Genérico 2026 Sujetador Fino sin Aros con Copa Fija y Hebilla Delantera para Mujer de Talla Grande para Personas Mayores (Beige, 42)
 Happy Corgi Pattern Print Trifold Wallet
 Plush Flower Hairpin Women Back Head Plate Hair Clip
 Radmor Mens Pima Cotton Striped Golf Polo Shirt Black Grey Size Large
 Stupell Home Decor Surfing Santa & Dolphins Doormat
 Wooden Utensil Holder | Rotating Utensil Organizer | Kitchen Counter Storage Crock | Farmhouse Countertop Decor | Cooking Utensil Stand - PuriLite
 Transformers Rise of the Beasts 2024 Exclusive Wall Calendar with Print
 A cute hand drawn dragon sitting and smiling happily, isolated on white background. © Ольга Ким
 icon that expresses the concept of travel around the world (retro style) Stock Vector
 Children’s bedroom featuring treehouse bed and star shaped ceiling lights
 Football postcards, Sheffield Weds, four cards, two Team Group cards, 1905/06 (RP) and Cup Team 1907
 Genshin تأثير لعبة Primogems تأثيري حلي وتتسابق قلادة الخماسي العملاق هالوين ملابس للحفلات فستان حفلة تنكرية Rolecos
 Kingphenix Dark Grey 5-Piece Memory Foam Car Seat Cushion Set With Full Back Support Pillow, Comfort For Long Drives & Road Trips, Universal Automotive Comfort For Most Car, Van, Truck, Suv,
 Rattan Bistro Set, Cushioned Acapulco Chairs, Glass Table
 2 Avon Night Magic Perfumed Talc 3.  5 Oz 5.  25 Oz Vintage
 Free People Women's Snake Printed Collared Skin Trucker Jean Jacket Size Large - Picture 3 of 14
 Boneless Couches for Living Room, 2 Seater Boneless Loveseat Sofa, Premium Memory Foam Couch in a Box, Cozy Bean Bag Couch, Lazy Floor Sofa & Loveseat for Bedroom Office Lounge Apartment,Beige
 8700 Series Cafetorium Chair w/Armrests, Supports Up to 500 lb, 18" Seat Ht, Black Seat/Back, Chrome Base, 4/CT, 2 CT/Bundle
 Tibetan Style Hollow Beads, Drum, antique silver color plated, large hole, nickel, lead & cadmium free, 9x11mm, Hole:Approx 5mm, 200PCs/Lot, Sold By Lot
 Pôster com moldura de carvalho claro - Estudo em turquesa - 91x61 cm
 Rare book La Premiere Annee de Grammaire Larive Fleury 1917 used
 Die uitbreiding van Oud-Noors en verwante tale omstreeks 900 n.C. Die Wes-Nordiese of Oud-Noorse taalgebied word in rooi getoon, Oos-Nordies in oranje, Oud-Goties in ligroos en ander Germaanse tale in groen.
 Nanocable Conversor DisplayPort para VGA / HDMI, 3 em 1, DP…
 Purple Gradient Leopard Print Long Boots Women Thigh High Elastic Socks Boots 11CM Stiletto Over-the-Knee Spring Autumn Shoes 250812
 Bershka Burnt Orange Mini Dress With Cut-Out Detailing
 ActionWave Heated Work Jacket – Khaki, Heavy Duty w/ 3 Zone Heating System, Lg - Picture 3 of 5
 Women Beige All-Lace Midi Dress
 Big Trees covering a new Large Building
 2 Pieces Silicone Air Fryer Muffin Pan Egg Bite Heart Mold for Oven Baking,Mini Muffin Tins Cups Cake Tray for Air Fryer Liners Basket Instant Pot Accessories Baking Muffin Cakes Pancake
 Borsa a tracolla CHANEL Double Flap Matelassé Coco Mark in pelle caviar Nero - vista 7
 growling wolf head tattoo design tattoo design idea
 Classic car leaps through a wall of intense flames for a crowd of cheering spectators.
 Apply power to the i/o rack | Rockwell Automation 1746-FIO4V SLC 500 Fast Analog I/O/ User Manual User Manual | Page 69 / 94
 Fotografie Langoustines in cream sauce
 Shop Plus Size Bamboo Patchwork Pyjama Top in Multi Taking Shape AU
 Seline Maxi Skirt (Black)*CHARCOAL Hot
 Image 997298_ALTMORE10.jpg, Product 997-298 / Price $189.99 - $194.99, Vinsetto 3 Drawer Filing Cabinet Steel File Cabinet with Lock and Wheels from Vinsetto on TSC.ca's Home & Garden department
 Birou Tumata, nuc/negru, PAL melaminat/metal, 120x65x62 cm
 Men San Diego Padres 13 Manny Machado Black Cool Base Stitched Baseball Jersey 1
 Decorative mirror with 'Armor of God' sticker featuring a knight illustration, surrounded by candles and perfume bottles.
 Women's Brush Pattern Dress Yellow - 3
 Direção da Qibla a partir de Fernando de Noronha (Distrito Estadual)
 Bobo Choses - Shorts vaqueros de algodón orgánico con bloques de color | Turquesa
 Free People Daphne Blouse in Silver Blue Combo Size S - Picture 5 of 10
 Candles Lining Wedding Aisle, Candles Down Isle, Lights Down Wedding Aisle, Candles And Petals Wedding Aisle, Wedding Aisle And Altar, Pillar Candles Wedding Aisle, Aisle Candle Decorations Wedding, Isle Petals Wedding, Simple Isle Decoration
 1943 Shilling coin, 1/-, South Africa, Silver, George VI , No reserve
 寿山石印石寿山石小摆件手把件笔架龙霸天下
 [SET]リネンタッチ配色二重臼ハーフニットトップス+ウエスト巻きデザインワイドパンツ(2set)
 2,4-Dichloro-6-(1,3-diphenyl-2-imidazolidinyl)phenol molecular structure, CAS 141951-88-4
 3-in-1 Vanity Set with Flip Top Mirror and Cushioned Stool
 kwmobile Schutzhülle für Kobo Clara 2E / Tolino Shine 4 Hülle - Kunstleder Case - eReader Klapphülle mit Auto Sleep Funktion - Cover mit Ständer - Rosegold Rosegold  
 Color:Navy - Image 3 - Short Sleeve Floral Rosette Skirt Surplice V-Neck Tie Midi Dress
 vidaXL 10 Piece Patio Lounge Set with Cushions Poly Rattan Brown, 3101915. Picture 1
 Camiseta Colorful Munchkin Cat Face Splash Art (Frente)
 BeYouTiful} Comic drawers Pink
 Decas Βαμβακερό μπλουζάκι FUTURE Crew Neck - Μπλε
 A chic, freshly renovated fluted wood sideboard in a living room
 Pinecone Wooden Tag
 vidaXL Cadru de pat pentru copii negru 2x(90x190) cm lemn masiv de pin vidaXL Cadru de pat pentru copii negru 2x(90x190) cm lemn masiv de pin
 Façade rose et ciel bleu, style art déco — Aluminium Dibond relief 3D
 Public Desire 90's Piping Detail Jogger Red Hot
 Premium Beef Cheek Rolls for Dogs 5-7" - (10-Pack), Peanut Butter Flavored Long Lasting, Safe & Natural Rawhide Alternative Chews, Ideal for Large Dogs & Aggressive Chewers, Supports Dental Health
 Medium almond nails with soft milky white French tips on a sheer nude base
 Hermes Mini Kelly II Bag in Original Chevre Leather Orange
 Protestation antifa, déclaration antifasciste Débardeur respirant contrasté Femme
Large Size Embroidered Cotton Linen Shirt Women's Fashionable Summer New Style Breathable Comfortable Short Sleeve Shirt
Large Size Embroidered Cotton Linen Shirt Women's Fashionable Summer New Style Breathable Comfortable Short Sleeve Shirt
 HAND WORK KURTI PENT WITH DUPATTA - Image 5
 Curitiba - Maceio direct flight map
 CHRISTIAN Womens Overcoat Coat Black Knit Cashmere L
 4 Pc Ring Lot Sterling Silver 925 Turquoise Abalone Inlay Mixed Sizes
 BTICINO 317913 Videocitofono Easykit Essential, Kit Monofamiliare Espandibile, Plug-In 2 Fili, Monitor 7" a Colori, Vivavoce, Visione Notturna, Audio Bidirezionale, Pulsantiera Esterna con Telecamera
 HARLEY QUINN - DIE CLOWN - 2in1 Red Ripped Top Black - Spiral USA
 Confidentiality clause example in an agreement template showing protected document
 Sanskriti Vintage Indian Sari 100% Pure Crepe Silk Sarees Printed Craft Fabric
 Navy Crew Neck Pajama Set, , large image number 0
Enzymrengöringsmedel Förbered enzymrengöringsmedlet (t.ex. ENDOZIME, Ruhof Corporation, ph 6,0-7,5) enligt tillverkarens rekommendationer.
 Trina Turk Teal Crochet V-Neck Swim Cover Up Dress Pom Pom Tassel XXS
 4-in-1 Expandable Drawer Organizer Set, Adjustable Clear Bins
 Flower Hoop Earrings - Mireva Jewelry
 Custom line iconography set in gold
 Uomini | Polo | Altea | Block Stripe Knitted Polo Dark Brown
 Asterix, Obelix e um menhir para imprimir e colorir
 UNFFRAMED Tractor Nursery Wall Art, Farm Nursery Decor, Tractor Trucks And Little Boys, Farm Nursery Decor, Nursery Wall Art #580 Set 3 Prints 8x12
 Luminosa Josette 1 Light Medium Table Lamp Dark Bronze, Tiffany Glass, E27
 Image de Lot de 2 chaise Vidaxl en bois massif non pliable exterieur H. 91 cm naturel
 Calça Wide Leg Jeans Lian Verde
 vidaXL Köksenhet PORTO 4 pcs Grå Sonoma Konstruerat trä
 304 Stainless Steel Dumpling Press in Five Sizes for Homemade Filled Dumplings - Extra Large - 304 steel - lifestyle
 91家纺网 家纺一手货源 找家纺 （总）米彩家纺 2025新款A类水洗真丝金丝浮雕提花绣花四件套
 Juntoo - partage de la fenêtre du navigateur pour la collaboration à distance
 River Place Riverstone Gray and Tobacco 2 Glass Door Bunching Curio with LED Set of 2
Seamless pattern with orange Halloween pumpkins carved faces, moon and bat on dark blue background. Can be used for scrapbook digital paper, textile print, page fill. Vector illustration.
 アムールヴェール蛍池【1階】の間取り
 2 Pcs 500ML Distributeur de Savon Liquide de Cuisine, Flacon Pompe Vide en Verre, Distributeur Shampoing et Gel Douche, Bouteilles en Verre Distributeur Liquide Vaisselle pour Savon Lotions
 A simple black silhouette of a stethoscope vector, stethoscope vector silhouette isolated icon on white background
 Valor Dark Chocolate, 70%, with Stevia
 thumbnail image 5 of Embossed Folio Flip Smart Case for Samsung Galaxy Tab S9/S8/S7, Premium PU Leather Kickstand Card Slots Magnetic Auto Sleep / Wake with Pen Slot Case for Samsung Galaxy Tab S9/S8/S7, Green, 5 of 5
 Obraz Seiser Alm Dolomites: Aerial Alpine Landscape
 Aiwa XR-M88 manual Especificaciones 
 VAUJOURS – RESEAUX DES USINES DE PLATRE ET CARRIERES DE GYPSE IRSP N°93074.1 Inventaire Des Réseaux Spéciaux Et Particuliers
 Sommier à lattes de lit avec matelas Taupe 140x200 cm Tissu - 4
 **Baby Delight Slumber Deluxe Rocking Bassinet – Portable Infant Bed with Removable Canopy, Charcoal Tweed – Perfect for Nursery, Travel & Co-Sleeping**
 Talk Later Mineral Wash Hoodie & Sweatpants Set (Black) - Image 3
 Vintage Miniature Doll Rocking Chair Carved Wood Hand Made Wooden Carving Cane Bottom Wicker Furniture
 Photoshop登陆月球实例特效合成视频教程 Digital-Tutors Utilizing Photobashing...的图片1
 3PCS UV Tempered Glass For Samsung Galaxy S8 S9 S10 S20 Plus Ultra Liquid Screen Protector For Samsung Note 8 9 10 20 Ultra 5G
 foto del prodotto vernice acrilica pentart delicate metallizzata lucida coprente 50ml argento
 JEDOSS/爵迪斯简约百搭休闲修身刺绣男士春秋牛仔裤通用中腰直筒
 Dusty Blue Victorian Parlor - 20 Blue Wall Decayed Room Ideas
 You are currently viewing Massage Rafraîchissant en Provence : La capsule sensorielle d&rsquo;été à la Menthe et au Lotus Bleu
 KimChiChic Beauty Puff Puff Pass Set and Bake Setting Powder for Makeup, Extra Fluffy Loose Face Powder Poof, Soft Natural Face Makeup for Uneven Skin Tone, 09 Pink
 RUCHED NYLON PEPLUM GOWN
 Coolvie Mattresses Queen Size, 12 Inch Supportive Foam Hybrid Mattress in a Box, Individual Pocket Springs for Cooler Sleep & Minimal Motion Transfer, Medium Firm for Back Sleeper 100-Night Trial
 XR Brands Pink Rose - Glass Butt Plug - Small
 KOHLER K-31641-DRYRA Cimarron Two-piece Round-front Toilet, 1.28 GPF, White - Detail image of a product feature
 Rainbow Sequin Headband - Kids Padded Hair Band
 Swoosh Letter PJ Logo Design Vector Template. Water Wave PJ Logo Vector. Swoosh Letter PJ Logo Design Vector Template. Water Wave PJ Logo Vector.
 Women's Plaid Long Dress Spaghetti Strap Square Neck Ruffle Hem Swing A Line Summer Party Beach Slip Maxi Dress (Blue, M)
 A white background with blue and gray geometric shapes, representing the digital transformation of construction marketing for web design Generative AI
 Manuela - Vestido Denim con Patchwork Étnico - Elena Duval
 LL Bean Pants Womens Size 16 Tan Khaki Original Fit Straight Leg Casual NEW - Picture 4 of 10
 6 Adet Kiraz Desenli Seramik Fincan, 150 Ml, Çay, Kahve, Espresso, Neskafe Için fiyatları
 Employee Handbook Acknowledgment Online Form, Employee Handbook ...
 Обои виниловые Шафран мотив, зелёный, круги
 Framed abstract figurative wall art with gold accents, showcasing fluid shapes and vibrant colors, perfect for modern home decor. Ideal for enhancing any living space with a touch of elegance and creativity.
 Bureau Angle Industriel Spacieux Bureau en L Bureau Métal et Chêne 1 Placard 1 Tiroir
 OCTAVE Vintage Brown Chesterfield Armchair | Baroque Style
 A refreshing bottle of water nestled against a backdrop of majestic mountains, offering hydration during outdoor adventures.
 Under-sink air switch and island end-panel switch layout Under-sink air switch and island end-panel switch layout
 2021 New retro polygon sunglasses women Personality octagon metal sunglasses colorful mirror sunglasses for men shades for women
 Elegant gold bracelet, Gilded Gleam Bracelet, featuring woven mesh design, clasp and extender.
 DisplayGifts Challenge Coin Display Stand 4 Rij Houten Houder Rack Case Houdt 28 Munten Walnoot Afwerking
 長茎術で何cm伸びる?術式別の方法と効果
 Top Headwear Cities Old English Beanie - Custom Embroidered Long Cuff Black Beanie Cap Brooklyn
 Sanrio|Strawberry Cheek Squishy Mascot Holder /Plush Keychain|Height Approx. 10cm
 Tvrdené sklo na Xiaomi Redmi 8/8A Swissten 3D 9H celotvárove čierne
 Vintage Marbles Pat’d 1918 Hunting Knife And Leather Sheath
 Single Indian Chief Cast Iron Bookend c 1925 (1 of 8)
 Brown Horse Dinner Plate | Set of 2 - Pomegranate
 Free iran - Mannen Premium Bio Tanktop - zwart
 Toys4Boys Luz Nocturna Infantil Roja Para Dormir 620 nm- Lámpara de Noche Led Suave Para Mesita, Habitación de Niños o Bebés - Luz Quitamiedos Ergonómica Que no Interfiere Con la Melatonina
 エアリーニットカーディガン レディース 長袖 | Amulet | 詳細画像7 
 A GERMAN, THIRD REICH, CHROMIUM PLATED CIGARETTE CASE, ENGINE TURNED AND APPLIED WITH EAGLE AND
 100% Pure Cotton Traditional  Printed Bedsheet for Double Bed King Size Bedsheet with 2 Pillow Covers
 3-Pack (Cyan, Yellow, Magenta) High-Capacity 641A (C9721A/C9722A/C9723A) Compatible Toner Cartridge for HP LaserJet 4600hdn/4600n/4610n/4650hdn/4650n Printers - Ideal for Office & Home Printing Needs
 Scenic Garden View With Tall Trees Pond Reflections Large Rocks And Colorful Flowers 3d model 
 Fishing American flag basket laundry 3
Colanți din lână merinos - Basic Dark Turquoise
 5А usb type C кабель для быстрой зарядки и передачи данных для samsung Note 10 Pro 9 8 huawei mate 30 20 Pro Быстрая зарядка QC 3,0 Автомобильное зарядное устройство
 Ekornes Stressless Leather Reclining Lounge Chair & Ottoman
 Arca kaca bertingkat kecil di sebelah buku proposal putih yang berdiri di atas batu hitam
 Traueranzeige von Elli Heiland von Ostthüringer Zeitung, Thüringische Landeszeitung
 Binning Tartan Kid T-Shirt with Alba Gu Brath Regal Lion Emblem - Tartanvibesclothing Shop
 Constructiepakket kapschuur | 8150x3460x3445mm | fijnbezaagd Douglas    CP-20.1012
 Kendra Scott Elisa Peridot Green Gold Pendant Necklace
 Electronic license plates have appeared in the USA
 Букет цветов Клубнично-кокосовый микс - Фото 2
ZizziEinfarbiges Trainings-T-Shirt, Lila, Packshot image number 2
------------------------------------------------
TASK REQUIREMENTS — In the material above, please find every line that includes the word "Indian" and copy it.

TASK SOLUTION —
 Sanskriti Vintage Indian Sari 100% Pure Crepe Silk Sarees Printed Craft Fabric
 Single Indian Chief Cast Iron Bookend c 1925 (1 of 8)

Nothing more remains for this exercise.